中央大学法学部卒、国際基督教大学修士号取得、オハイオ州立大大学院博士課程中退。デロイト・トゥシュ会計事務所を経て独立、スモールビジネスや個人の確定申告のサービスを提供。「シリーズ7」の資格を得て、ファイナンシャル・アドバイザーとして節税対策や退職後対策、投資などへのアドバイスも提供。
そろそろ確定申告の時期。今回は、利子の扱いや税金の分割払いなどについて、羽山徹会計士にお話を伺います。
初めて米国で確定申告を行う際の注意点について教えてください。
日本では、一般的に会社員は確定申告をする必要がありません。会社が源泉徴収も年末調整も行ってくれるし、銀行預金の金利や株の配当などは、分離課税ですでに20%源泉徴収されているからです。会社員が税金の申告が必要なのは、不動産の売買や株の売買益、遺産相続など特別なことがあった場合で、会社の年末調整とは別に行います。
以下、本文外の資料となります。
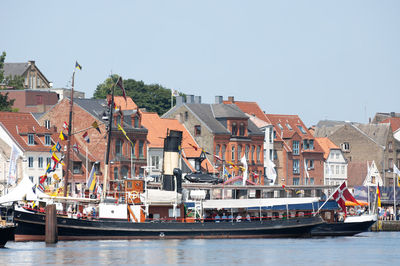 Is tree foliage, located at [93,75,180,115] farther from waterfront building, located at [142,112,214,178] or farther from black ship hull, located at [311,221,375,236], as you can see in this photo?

一方、米国では、会社員も自分で確定申告をします。税金の申告に必要な書類は、会社から送られてくるW2(給与所得の源泉徴収票)と1099−INT(金利所得証明)など。日本ではすでに銀行の利子から税金が引かれていますが、米国では利子収入は自分で申告し、その他の収入と合算して税金を支払います(総合課税)。また、勤め先の給与以外で600ドル以上の収入があった場合は、その事業主から1099−MISCが送付されます。これらを所得として申告しなければなりません。
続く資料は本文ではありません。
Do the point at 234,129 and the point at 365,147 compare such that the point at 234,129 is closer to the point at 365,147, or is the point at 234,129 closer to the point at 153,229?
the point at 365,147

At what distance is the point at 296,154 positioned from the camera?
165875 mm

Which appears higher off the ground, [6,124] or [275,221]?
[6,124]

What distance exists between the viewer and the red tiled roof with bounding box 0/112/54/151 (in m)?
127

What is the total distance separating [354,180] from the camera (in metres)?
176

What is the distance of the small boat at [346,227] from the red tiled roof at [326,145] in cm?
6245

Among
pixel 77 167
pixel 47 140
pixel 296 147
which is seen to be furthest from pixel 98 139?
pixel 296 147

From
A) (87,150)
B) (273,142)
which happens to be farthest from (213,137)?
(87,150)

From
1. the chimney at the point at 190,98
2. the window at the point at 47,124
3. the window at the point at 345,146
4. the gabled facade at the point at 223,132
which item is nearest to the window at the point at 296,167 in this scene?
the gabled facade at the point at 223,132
こうした情報は、銀行や支払いを行った事業主からIRSにも報告されるので、申告漏れがあると、場合によってはペナルティーとして、不足分の税金に滞納していた期間の利子がつくことがあります。IRSはそれらの所得情報を各個人の社会保障番号で把握、データ入力しています。
分割払いで不足分を納税することもできますか。
その年、臨時所得があったり、転職して急に年収が増えたり、共働きで二人の給与を合計したら税率枠が一段階高くなって、納税額が急に大きく増えてしまい、一括で支払いきれない場合が生じることがあります。その場合は、1040と一緒にフォーム9465(税金の分割支払い申請書)を提出すれば、税金を分割払いできます。支払い計画は自分で立てることができ、支払い計画(毎月の支払額、支払日)をIRSに提出して認められたら、それに従って税金を納めます。例えば、追加での納税額が1万ドルになった場合、1040で3000ドルを支払い、残りを毎月1000ドルずつ7回払いで支払うことも可能です。ただし、支払いが遅れた分については延滞利子がつきます。年によって違いますが、だいたい7%前後です。
自営業者の場合は、四半期ごとに予定納税を行うのが普通です。前年度の確定税額か、それ以上の額を予定納税として払っておけば、実際の確定税額がそれを上回っても、ペナルティーを科せられることはありません。
(おことわり)
記事内容に関しては、一切の責任を負いかねます。詳細は各専門家にご相談下さい。